The BX: Queen of the Upper Fraser
This article was originally written and submitted as part of a Canada 150 Project, the Innovation Storybook, to crowdsource stories of Canadian innovation with partners across Canada. The content has since been migrated to Ingenium’s Channel, a digital hub featuring curated content related to science, technology and innovation.
The era of the paddlewheel boats on the Upper Fraser was brief, but the allure of this by-gone time endures. The first paddlewheeler to navigate the Upper Fraser was the S.S. Enterprise in 1871. They were trying to find a navigable route to deliver supplies from Soda Creek to the gold mines at Germansen Creek, far to the north. On the return trip she suffered severe damage forcing a beaching on Trembleur Lake, north of Stuart Lake. The crew had a long walk back to Quesnel. Paddlewheelers would not attempt to navigate the Upper Fraser for another 37 years.

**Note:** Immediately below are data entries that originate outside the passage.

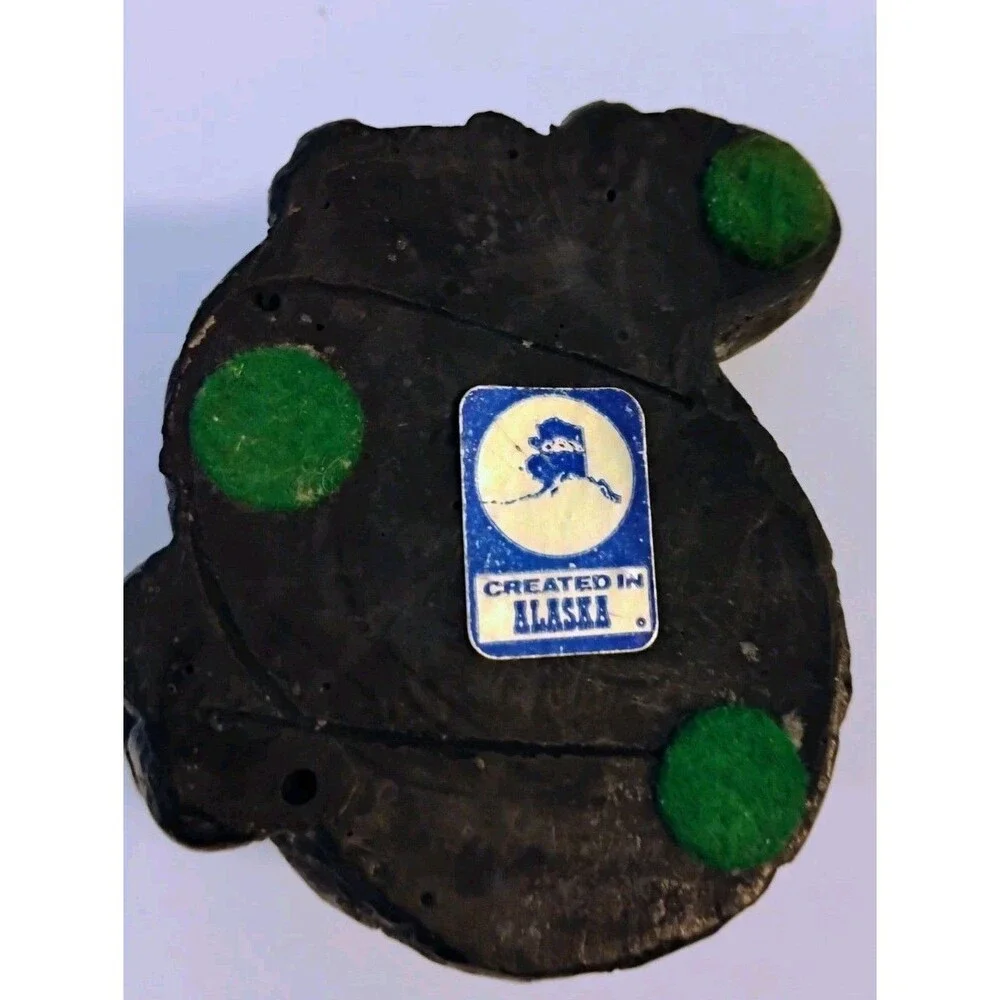 Vintage Created in Alaska Soapstone Igloo Polar Bear Figurine Genuine Souvenir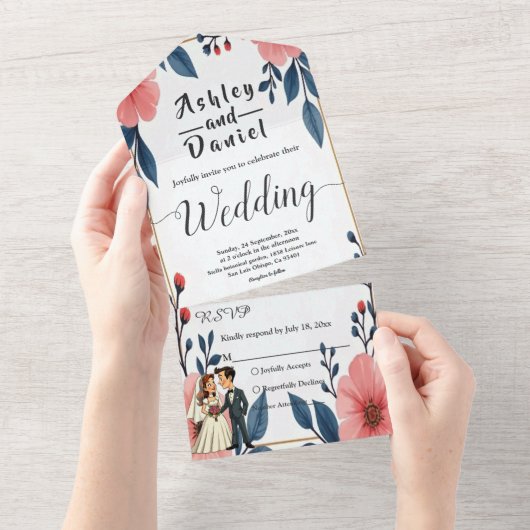 Elegante Blumenbräune Groom Chic Hochzeit All In One Einladung (Abreißen)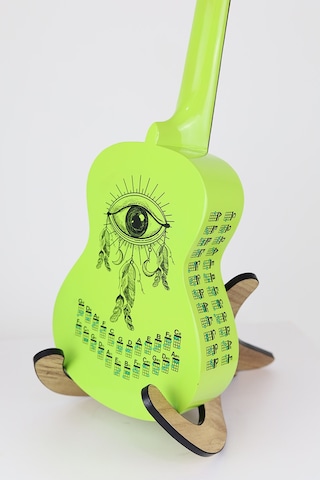 gözyaşı siyah ukulele akor cetveli tablosu stickeri etiketi
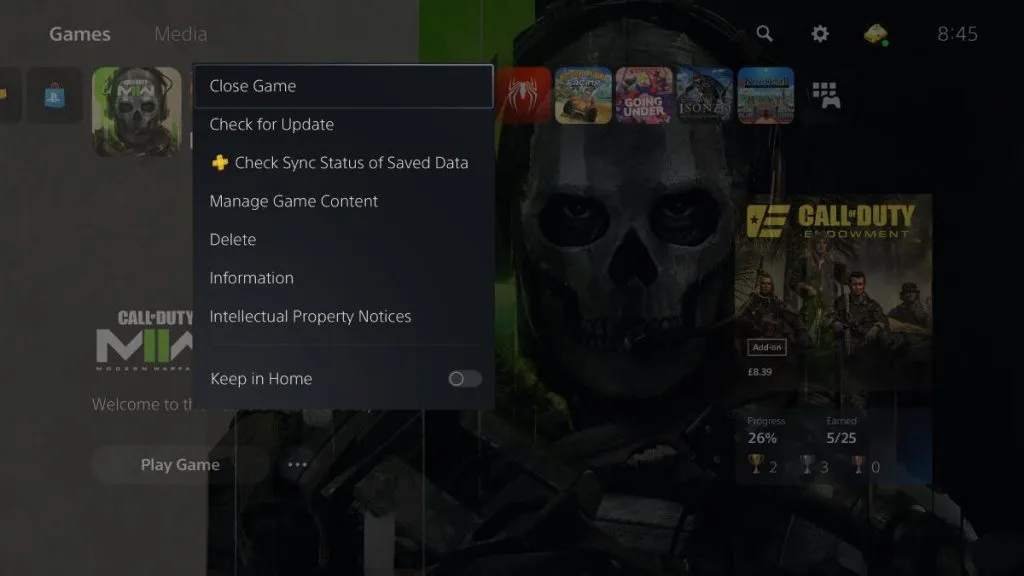 PS5 home screen with drop down menu showing how to update games Modern Warfare 2 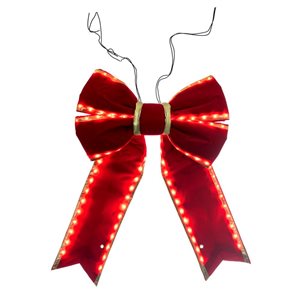 Vickerman 18-in x 23-in Red Velvet Gold Trim Outdoor Christmas Bow with UV Treated Material and Wire to Hang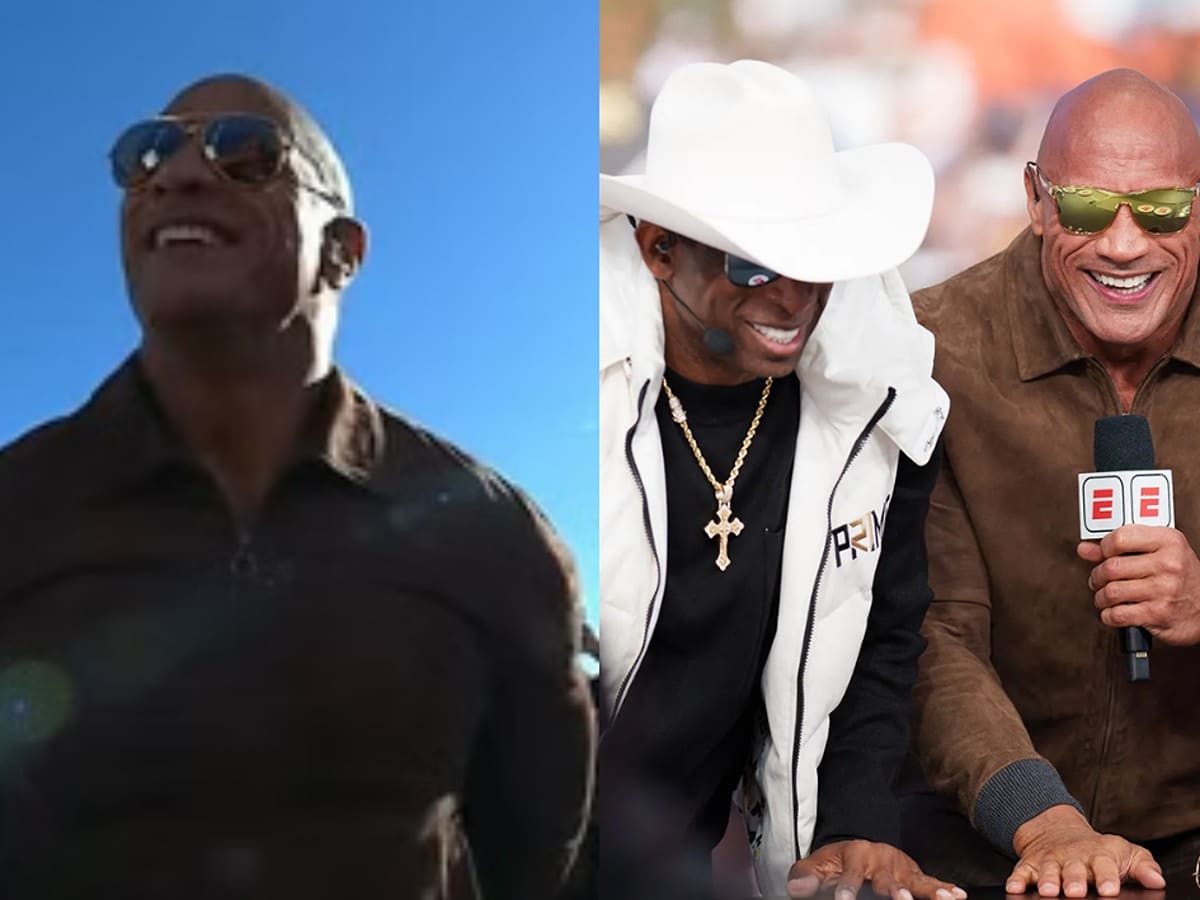 WATCH: Dwayne ‘The Rock’ Johnson interrupts Deion Sanders’ promo with his iconic entry song bowing down to ‘Coach Prime’ as he graces his presence at Colorado’s game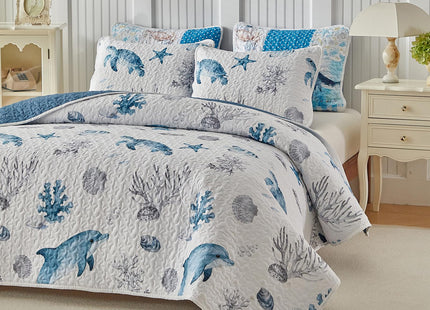 Coastal Quilt Sets King Size - Reversible Microfiber Dolphin Turtle Ocean Style Quilts with 2 Shams Soft Lightweight Beach Bedding Nautical Bedspread Coverlet Summer Comforter for All Season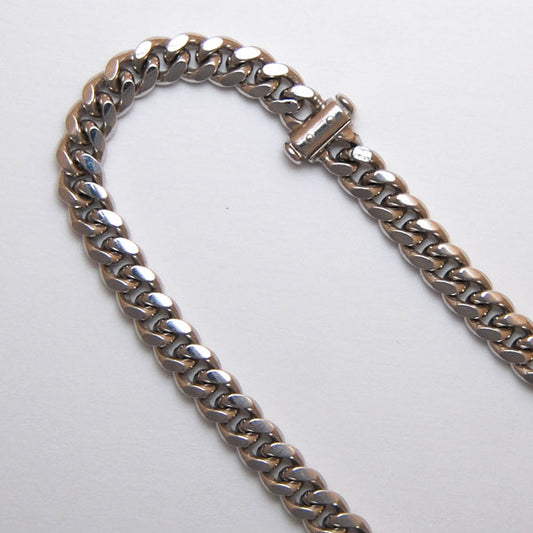 Sterling Silver Round Curb 6.9mm (Rhodium)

Eleven paddlewheelers would ply the hazardous waters of the Upper Fraser between 1908 and 1921. The grandest and most famous of these vessels was the S.S. BX.; which was launched without ceremony on May 13th, 1910. The BX had to deal with unfounded rumours and superstition. This was partly due to the fact that the British Columbia Express Company launched the BX on Friday the thirteenth in May of 1910. The shipyard workers were wary of the BX’s luck and so to pacify them the British Columbia Express Company explained that Friday the thirteenth was the company’s lucky day. She eventually won over the doubters and was known from then on as “The Queen of the North,” owing to her great speed, comfortable accommodation and the reliability of her scheduled service.
The BX was the first paddlewheel boat powerful enough to negotiate the Cottonwood and Fort George Canyons without lining through using a capstan.

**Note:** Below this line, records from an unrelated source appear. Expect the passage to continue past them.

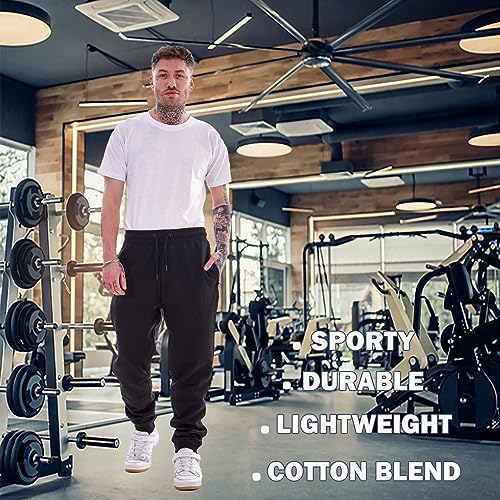 Keanu 2 Pack Regular Fit Mens Joggers - Super Soft Jogging Bottoms with Brushed Fleece Lining - Lounge Pants Gym Joggers - Cotton Rich Blend - Mens Sizes S - 2XL (Black Pack, Large)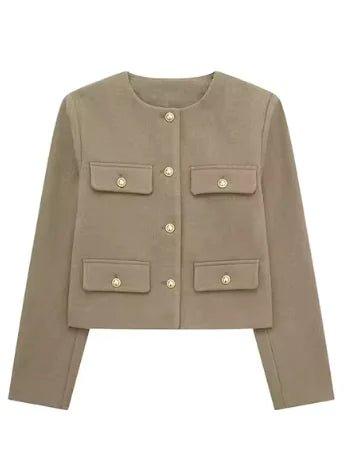 Elegant and Timeless: Women’s Long Sleeve Round Neck Tweed Jacket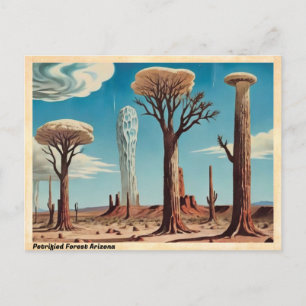 Cartão Postal Floresta Petrificada Arizona Viagens Antigas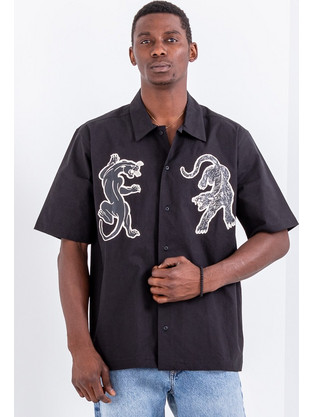 Tee Library Ανδρικό Πουκάμισο Κοντομάνικο TCSH-28 Black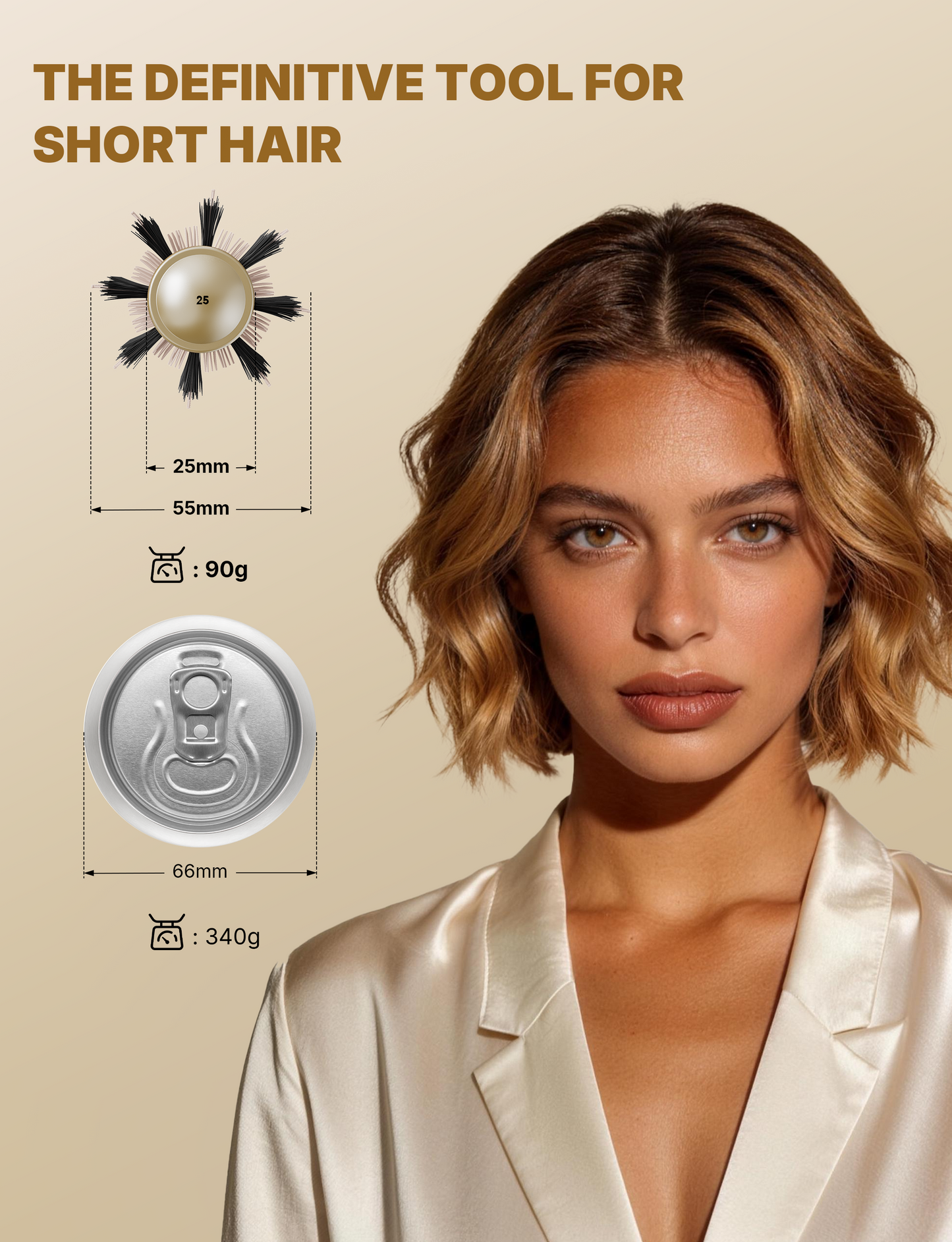 Professional Round Hair Brush Ceramic Negative Ion round brushes for blow drying with Circular Airflow, Even airflow for smooth, One-Stroke Smoothness for Tangle-Free Hair Care, 25MM, Short Hair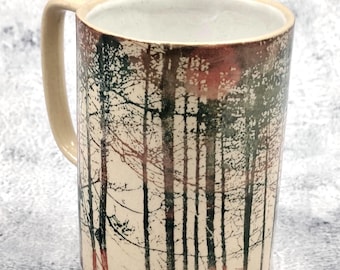 Handgefertigte Keramik-Tasse, Weiß & Grün, Natur-Druck, Geschenk für Teeliebhaber, 300 ml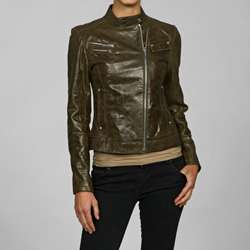 Laundry By Shelli Segal Womens Cracked Leather Jacket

She had steam heated staterooms, red velvet carpet, blankets and linens of excellent quality. The Hudson’s Bay Company provided an upholsterer to cut and lay carpets, hang the curtains, and generally ensure that the ship looked as tasteful as possible. Premier McBride stayed in one of her richly appointed staterooms while travelling in this rugged country.

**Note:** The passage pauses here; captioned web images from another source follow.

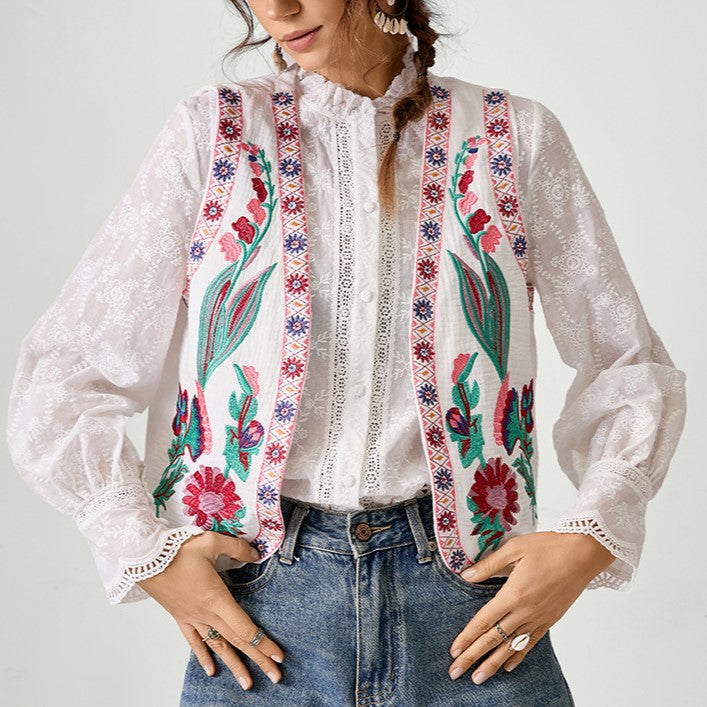 Boho Floral Embroidered Sleeveless Vest - Plant - 2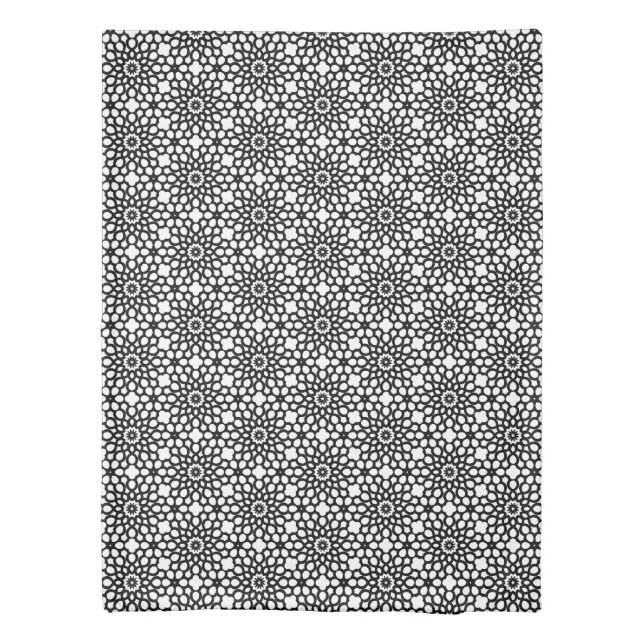 Crisp Black and White Snowflake pattern  Duvet Cover (Back)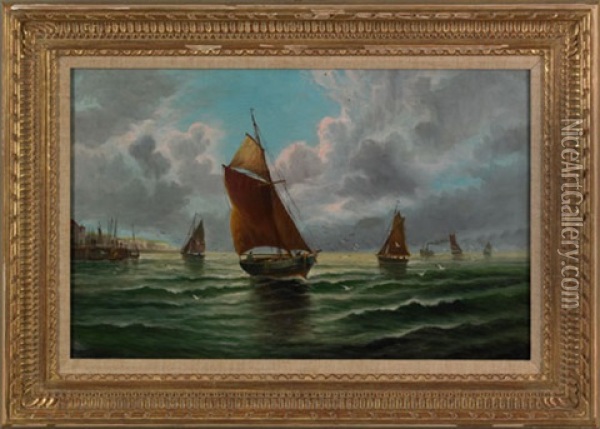 Coastal Scene With Ships Oil Painting - Edward Moran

On her last trip in August 1919, the S.S. BX carrying 100 tons of cement in sacks, struck a reef, 5 miles below Fort George Canyon. Captain Browne laid her up on what he thought was a narrow beach, but it turned out to be only a narrow ledge which collapsed under the weight. The bow sank 20 feet deep in the water. The solidified sacks of cement had to be separated and hauled out before salvage operations could start. Caulkers and ship builders were brought in from Victoria to salvage the boat at a total cost of $40,000. The S.S. BX was brought to Prince George, her boilers and engines removed, with the structure left to deteriorate.